A condition que lui soit donné capacité d’agir à son niveau. Pour cela, il faut investir dans des formations sur la durabilité, adaptées à chaque métier. Comment concevoir une offre ou un produit durable ? Comment les vendre ? Comment s’approvisionner de manière responsable ? Comment recruter ?

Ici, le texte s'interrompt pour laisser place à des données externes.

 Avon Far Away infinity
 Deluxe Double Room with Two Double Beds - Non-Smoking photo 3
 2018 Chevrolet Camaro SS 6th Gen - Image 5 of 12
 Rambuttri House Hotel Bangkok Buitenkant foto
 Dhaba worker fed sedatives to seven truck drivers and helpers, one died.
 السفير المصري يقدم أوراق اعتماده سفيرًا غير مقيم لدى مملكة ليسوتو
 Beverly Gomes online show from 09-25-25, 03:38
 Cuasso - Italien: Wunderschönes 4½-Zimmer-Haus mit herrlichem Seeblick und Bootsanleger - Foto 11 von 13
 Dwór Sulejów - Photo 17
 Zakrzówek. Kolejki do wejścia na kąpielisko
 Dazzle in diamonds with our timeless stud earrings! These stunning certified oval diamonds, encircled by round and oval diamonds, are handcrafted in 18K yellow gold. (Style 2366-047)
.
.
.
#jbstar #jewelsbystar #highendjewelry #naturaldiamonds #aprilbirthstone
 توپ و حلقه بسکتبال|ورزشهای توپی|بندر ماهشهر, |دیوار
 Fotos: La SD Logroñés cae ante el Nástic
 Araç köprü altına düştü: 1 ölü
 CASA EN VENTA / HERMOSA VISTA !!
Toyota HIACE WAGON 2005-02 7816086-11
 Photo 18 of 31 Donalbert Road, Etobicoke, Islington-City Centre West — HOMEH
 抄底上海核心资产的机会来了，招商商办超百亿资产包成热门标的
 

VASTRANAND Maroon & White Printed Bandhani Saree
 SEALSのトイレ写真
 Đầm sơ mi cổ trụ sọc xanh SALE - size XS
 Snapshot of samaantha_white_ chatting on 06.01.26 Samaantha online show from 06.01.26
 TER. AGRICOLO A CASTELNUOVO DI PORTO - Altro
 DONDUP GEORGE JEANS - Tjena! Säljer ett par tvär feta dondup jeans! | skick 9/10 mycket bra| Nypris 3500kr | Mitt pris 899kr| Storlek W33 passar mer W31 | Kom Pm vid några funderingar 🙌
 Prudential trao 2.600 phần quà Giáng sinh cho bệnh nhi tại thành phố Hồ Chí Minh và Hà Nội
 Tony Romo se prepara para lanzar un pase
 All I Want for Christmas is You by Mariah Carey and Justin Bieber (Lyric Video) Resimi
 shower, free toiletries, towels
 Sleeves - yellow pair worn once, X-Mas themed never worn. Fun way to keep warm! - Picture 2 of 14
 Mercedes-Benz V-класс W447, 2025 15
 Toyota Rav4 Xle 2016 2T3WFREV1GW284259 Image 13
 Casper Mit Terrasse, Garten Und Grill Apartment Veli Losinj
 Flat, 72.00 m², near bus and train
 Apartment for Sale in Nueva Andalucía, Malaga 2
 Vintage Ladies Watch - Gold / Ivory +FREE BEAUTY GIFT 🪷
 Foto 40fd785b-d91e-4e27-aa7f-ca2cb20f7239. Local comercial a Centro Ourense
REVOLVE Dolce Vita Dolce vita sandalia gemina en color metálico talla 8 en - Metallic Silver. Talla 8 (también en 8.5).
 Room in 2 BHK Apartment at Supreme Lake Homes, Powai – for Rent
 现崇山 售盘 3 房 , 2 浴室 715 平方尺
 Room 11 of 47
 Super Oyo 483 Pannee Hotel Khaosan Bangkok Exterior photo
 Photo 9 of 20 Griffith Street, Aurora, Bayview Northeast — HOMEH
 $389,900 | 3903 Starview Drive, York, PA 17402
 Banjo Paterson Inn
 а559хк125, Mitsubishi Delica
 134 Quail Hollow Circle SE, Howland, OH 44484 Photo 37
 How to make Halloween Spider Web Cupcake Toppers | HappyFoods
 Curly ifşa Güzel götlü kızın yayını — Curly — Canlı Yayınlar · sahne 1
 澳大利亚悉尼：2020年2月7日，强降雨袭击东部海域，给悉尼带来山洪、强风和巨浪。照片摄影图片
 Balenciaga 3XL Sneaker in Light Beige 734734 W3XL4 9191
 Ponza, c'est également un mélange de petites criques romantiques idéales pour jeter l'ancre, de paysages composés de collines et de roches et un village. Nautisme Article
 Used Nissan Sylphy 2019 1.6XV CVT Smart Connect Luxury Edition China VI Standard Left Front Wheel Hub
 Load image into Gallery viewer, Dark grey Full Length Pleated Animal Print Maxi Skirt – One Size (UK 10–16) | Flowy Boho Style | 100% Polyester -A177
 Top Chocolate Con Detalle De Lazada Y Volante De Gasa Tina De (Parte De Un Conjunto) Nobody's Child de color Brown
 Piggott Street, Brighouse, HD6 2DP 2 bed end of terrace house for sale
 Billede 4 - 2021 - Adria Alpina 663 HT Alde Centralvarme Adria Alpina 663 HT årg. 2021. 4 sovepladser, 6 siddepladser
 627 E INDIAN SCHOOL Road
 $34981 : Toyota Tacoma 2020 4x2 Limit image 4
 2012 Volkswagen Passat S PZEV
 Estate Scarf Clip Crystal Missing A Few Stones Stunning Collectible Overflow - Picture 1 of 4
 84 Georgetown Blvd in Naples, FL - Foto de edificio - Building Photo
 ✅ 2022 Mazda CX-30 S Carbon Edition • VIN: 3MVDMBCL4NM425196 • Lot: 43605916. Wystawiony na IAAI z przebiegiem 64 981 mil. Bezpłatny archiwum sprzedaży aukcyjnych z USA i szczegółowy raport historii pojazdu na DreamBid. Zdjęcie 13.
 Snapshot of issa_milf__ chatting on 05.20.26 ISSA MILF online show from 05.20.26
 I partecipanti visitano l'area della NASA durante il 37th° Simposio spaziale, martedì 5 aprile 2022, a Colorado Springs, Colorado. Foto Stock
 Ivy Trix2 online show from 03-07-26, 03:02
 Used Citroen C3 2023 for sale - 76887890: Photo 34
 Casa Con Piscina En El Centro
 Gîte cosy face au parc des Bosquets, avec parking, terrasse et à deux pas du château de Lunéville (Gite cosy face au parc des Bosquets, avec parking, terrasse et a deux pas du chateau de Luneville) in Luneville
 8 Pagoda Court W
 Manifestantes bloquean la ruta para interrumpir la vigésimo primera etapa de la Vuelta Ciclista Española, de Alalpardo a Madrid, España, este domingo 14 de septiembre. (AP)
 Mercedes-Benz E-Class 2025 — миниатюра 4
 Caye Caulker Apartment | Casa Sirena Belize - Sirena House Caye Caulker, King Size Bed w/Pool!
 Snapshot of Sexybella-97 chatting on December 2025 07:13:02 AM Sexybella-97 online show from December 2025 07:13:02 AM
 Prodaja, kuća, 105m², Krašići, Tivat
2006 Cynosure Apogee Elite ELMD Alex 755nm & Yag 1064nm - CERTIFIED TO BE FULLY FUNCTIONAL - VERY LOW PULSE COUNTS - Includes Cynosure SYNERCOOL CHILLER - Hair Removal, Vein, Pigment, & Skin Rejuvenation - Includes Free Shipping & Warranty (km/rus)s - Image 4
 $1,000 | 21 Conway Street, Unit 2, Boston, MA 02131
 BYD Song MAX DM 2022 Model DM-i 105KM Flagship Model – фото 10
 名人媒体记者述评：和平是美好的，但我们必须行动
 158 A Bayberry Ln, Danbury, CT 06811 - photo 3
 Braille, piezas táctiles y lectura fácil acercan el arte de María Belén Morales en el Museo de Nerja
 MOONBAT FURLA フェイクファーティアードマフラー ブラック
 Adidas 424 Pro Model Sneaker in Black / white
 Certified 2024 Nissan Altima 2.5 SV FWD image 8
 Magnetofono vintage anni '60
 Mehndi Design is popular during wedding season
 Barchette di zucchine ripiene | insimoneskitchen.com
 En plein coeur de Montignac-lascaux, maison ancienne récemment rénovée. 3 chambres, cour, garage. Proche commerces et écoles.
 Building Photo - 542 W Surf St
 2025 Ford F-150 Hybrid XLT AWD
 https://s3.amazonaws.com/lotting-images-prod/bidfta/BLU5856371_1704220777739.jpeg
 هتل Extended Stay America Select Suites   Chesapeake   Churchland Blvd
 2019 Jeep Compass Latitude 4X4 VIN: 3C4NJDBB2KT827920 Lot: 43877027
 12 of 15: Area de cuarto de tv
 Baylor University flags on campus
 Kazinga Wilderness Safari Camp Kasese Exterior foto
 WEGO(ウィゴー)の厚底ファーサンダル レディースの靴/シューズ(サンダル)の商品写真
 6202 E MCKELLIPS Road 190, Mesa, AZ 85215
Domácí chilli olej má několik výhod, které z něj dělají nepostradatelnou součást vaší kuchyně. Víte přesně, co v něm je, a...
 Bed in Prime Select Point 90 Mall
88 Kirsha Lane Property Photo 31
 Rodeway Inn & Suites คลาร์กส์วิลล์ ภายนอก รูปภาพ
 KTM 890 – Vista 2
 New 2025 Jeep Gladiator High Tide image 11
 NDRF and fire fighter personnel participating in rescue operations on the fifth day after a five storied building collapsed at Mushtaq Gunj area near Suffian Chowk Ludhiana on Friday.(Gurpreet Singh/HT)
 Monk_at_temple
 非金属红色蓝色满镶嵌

Créer une filière durabilité
Pour répondre à toutes ces questions, la direction RSE a, elle aussi, besoin de moyens. Il faut qu’elle dispose d’une véritable filière durabilité, avec des relais dans les différentes fonctions et unités. Pas uniquement des ambassadeurs portant la bonne parole. Mais des référents RSE avec du pouvoir de décision, de l’influence, présents dans les comités de direction et qui veilleront à décliner la durabilité pour chaque branche.
Utiliser le digital
Enfin, l’une des clés de la réussite est de conjuguer digital et durable. Aujourd’hui, les deux sujets sont pensés en silo alors qu’ils se nourrissent l’un l’autre. Matériels, logiciels, usages numériques sont à repenser pour moins polluer. Côté durabilité, le digital est un outil formidable pour non seulement mesurer et piloter, via la data et l’Intelligence Artificielle, mais surtout trouver des solutions intelligentes afin de réduire l’empreinte de l’entreprise, à tous niveaux.